The plans Powder Monkey found look pretty reasonable to me. They're awfully small, though, and try to cram a great deal of information into a couple of diagrams.
I haven't seen either of the two Revell kits in years. The larger of the two, oddly enough, was a "quick-build" version with grossly simplified rigging; the smaller was considerably more complicated. The leads of the lines were shown reasonably accurately in the instructions, though the overall rigging plan was simplified quite a bit to accommodate such things as plastic-coated-thread "shrouds and ratlines" and blocks recycled from the old Cutty Sark kit. On the basis of the photos, I think this Heller kit is a reboxing of the smaller Revell one - with most of the rigging fittings, such as the blocks, omitted. If I'm correct, it's one of the best plastic sailing ship kits ever produced.
I can recommend three excellent published sources:
1. The Mayflower and Other Colonial Vessels, by William A. Baker. Mr. Baker, a longtime professor of naval architecture at the Massachusetts Institute of Technology, was the designer of the replica ship Mayflower II, which crossed the Atlantic in (I think) 1956 and is still moored at Plymouth as a museum ship. The book includes a set of plans for the Mayflower II, including the rigging. The two Revell kits are in fact excellent, accurate scale models of the Mayflower II.
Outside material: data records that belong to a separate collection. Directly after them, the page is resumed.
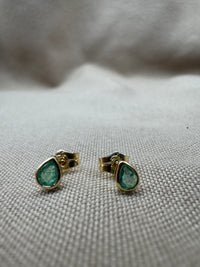 Arete gota de esmeralda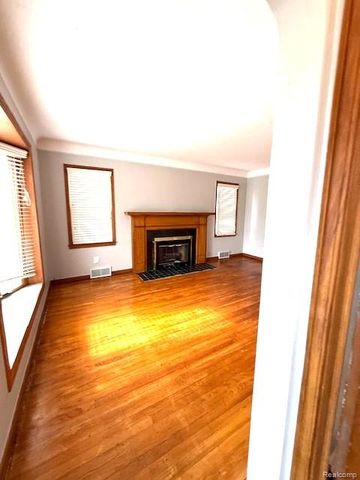 414 Moross Road, Grosse Pointe Farms, MI 48236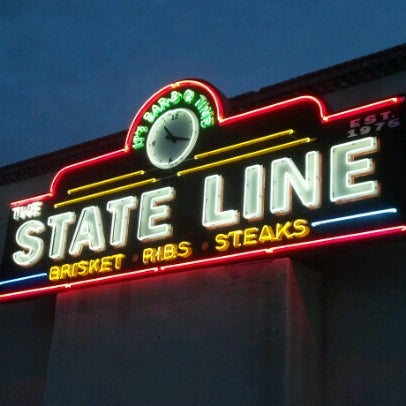 Photo taken at The State Line Bar-B-Q by Outlaw Gillie 915 on 8/19/2012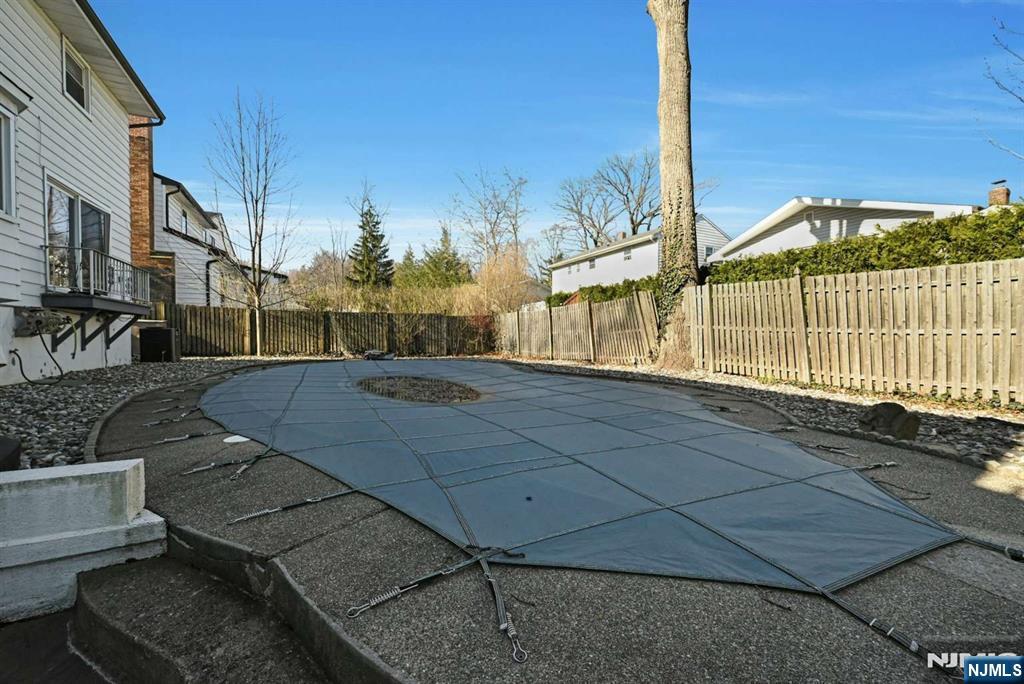 Homes for sale in Englewood Cliffs, NJ | 66 Elm St, Englewood Cliffs, NJ 07632 | MLS# 25025094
2. The Rigging of Ships in the Days of the Spritsail Topmast, 1600-1720, by R.C. Anderson. This is the standard reference on the general subject of seventeenth-century rigging. From the modeler's standpoint, its great virtue is that it's easily obtainable; Model Expo sells a cheap paperback edition for about $12.00, and even cheaper used copies can be found on the web. Everything you need to rig a model of the Mayflower is in that book somewhere, though it also contains a lot of material that's only relevant to larger ships. A very similar book, also by Dr. Anderson, is called simply Seventeenth-Century Rigging. It's a slightly revised version that deletes the references to non-English practice; for a Mayflower project it would be fine.
3. The Ship Susan Constant, by Brian Lavery. This is a volume in the well-known Anatomy of the Ship series, from the Conway Maritime Press. The Susan Constant, of course, was the largest of the three ships that brought the first English settlers to Jamestown in 1607. Given the extreme paucity of information about such ships, the information about the rigging in Mr. Lavery's book can be taken as just as valid for the Mayflower. Of the three books, I think this one might be the easiest to use for model-building purposes. There are lots of rigging diagrams, and the lead of each line is described verbally - and it wouldn't require wading through a great deal of not-directly-relevant information, as either of the two Anderson books would.
Hope that helps a little. Good luck.